Ginjal e Lisboa

Ginjal e Lisboa

14 março, 2013

e a cabeça nua entra já na noite tempestuosa


E se deixo cair o corpo para um dos lados é apenas para melhor sentir o vento. Ah o que eu gosto de vento. E se fecho os olhos é apenas para melhor imaginar o rio ou, então, porque o vento sopra forte ou porque quero pensar que está um anjo de grandes asas a passar rente a mim.

Não chames por mim. Escondo-me. Gosto de me esconder. Passo por trás da árvore, danço em volta, deixo-me ir. E os ramos nus não me tapam e tu vês-me mas eu não me importo. Finjo que não te vejo, finjo que não me vês. Por isso não me chames, não digas nada, quero sentir o silêncio e pensar que sou transparente.

Olho o rio lá em baixo, agitado, verde com laivos de espuma branca, e eu cá em cima, livre, deslizando nos vastos céus, escondendo-me, que não me sigas menino, e rodopio, e subo e depois deixo-me cair, ao sabor do vento, e lá estás tu, olhando-me, mas para que me olhas, menino? pois não sabes que quero fingir que não estás aí? não me catives, não me catives, menino.

Mas tu danças também em volta da árvore, menino, menino! que queres de mim, menino? e, o vento agiganta-se, e os raios atravessam o horizonte, e a chuva cai, e a noite desce e eu, então, procuro abrigo e aproximo-me, ai menino que me perdes..., e volteio e aproximo-me mais e mais e já não me escondo e desço, ai menino, menino, porque me seduzes tu? e o abrigo que eu procuro és tu e fecho as minhas asas em torno do teu corpo ardente e desço a minha cabeça sobre o teu ombro doce e deixo cair a máscara e, nua, nua, deixo que me deites por terra, sobre a terra macia e molhada, sobre as raízes, e deixo que deixes em mim a tua semente.

Ai menino, ai menino.



[Depois de mais um belo poema de Manuel Gusmão - e que encantada ando com este poeta - temos mais uma grande interpretação, desta vez a cargo de uma extraordinária Martha Argerich com Mischa Maisky que tocam Grieg]


Gaivota por trás de uma árvore nua no Ginjal



                                               O mar em listas esbranquiçadas ondeia-te
                                               o tronco, os ombros, o queixo e a boca.
                                               Sucede-lhe uma mascarilha acobreada
                                               e a cabeça nua entra já na noite tempestuosa,
                                               sobe e atinge os seus cumes nevados.

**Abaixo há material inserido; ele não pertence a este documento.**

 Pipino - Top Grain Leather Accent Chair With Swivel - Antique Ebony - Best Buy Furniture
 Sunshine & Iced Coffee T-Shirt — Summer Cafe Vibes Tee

                                               Deitado em equilíbrio sobre a cabeça um galho
                                               em que se nota ainda a zona em que foi quebrado
                                               Deixa tombar à esquerda e à direita uma série de vagens
                                               secas e cada vez mais castanhas

                                               da direita para a esquerda.



['A pintura corpo a corpo . os corpos da pintura; pintores pintado. #21' de Manuel Gusmão in 'Pequeno tratado das figuras']


2 comentários:

  1. ... entretanto estão a desmantelar

    o Estado democrático

    ResponderEliminar
    Respostas
    1. Olá Puma,

      Acabei no Um Jeito Manso de desancar as nódoas que nos (des) governam e chego aqui e leio este seu comentário que nem de propósito.

      Eu aqui no Ginjal sou mais zen, venho até aqui para descansar a cabeça mas, já que fala nisto, digo-lhe que concordo consigo. Mas digo também que cá estamos para lhes fazer frente.